Al Jazeera is the latest news outlet investigated under the Foreign Agent Registration Act (FARA) for acting as a propaganda tool of a foreign country, Qatar in this case. Congressional legislators are concerned about Al Jazeera’s alleged anti-Semitic and anti-Israel content. The network is an important source of news in the Middle East and has earned eight Peabody Awards and a Polk award for the reporting of its English-language branch. The Justice Department forced RT to register as a foreign agent last year for acting as a propaganda arm of the Russian government for supporting government policy, promoting conspiracy theories and sowing division and mistrust in democracies. Critics of applying FARA to news outlets say it could be used to settle political disputes and curtail reporting on difficult issues for fear of being labeled a foreign agent. (Columbia Journalism Review, June 11, 2018, by Alexandra Ellerbeck and Avi Asher-Shapiro)

RT’s editor said she maintained RT’s independence but registered as a foreign agent to avoid criminal proceedings. Radio Sputnik, Japan’s Cosmomedia, the Korean Broadcasting System and the China Daily are all registered as foreign state propaganda arms. (, April 4, 2018, by Peter Van Buren)

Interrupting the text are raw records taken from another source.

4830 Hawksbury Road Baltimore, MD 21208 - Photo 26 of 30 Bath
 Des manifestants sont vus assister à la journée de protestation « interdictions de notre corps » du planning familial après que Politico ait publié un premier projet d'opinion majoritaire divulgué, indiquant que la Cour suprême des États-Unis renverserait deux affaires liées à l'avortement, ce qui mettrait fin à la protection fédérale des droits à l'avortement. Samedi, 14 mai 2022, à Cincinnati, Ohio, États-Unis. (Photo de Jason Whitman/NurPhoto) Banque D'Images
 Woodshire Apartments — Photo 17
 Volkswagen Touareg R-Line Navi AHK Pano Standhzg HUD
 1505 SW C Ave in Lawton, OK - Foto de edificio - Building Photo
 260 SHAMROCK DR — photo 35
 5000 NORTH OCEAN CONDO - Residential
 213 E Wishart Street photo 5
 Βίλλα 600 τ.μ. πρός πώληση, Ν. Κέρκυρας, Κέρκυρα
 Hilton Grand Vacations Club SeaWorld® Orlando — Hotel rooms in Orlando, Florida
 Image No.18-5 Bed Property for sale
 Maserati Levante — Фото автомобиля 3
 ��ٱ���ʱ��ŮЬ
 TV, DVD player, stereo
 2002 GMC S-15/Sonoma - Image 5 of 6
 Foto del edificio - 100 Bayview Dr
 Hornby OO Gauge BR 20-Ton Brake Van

Reporters Without Borders, March 19, 2018, warned about the dangers of government censorship and released this statement about the Justice Department investigation of Al Jazeera: “Governments should not be in the business of deciding what constitutes legitimate journalism, regardless of the influence that may be brought to bear on Al Jazeera’s editorial policies due to its connection to the Qatari government,” said Margaux Ewen, RSF’s North America Director. “Al Jazeera’s award-winning journalism contributes to media pluralism on a global scale, and reducing it to a Qatari government agency is irresponsible.”